Some of the most influential organizations in the country, including the U.S. Chamber of Commerce and the AFL-CIO, are cosponsoring the week, which runs March 10-16. More than 100 additional organizations have lent their support to the week, including major Hispanic organizations, the National Council of La Raza, National Hispanic Medical Association, National Alliance for Hispanic Health, National Association of Latino Elected and Appointed Officials, National Minority Business Council, and others.

The report estimates that approximately 75 million Americans under 65 years of age were uninsured sometime in 2001 and 2002. The report further estimates that almost two-thirds (65%) were uninsured for at least six months, and nearly one-quarter (24%) were uninsured throughout the two-year period.

The report also estimates that over half (52%) of America’s uninsured were non-Hispanic whites. However, racial minorities were more likely to be uninsured than whites. More than half of all Hispanics (52.2%) and almost two out of five African Americans (39.3%) were uninsured at some point in the two-year period, compared to less than a quarter of whites (23.3%).

“Being uninsured in America is a very common and very risky experience, especially for Hispanic Americans,” said Risa Lavizzo-Mourey, M.D., M.B.A., president and CEO of The Robert Wood Johnson Foundation. “Not having health insurance, even for a short period of time, means that millions of Hispanics are forced to put their physical and financial health in jeopardy. Because they do not have health insurance, uninsured Hispanics delay needed health care, live with illness, and often die sooner as a result.”

The report was prepared by Families USA for Cover the Uninsured Week. Families USA worked with The Lewin Group to develop the data in the report.

Cover the Uninsured Week activities will draw attention to the plight of the uninsured through more than 600 events taking place in communities from coast to coast.
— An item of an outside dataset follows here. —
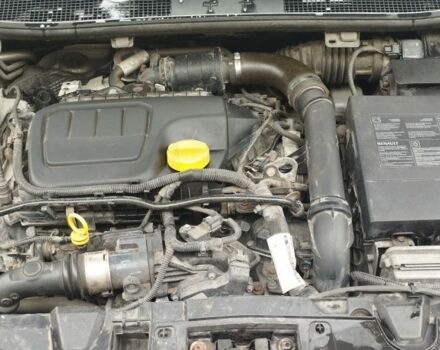 Серый Рено Меган, объемом двигателя 0 л и пробегом 181 тыс. км за 9800 $, фото 5 на Automoto.ua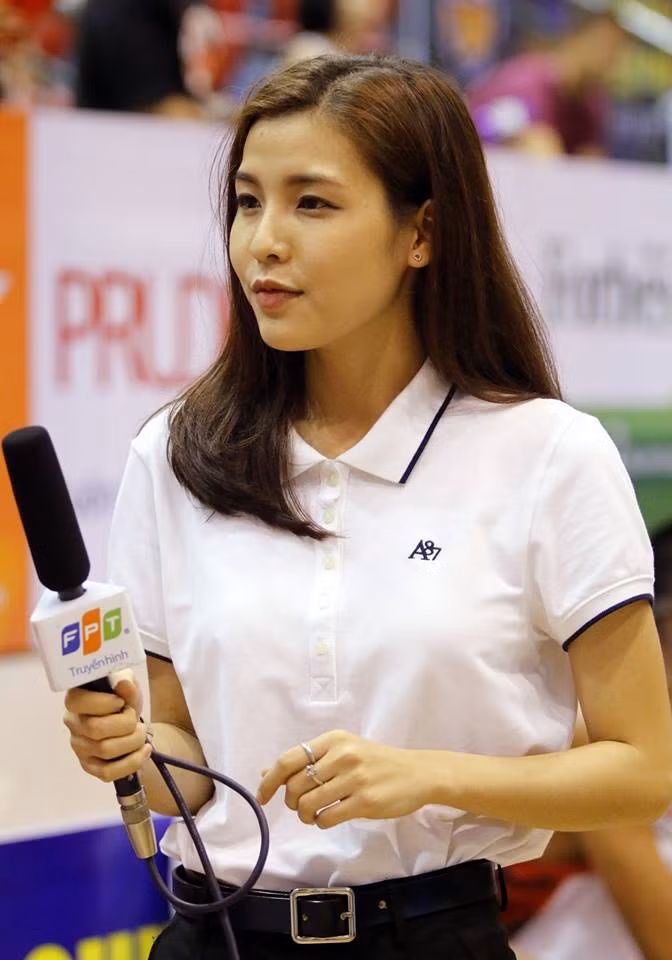 Cô gái ấy chính là biên tập viên thể thao Tường Vy, hiện đang cộng tác cho một kênh truyền hình ở TP HCM. Tường Vy đã thực sự tạo nên một điểm nhấn nổi bật với chính khán giả cũng như các đồng nghiệp của mình.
To increase awareness of the plight of the uninsured, organizers are holding health fairs, town hall meetings, campus activities, discussions between business and labor leaders, community-wide interfaith prayer breakfasts, and more to help people learn about the issue, begin reasoned and constructive discussions about solutions and find local resources.

The week is the result of a unique partnership of diverse national organizations, including the U.S. Chamber of Commerce, AFL-CIO, and The Robert Wood Johnson Foundation.
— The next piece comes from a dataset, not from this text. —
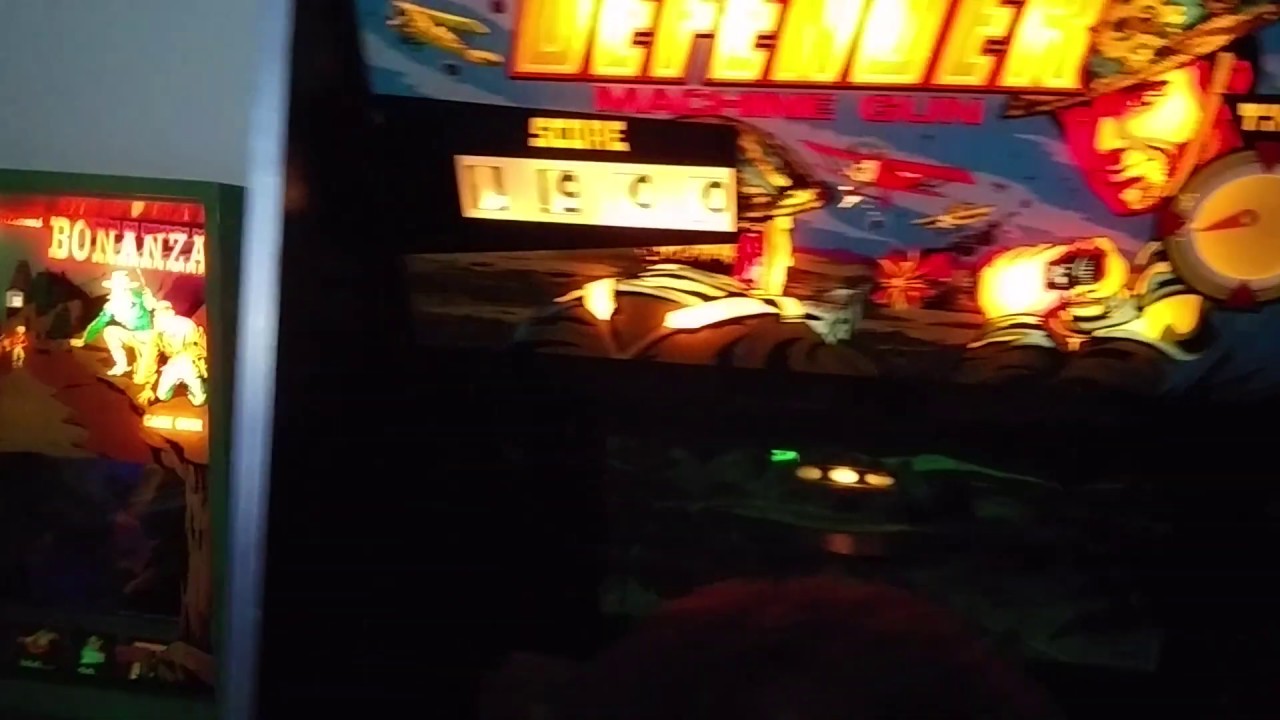 Defender Machine Gun (by Chicago Coin) - coin op arcade game from 1971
“Being uninsured takes a tremendous toll on the Latino community, more than any other ethnic group in America” said Arnoldo Resendez, Vice President, Office of Special and International Projects, National Council of La Raza. “Latino Americans are forced to put their physical and financial health at risk, since high medical bills often rob Hispanic families of their savings.” 

Medical studies show that there are serious consequences when uninsured people delay medical treatment and preventive screenings. Uninsured women with breast cancer are twice as likely to die as women with breast cancer who have health insurance. Men without health insurance are nearly 50 percent more likely to be diagnosed with colon cancer at a later, more dangerous stage than men with insurance.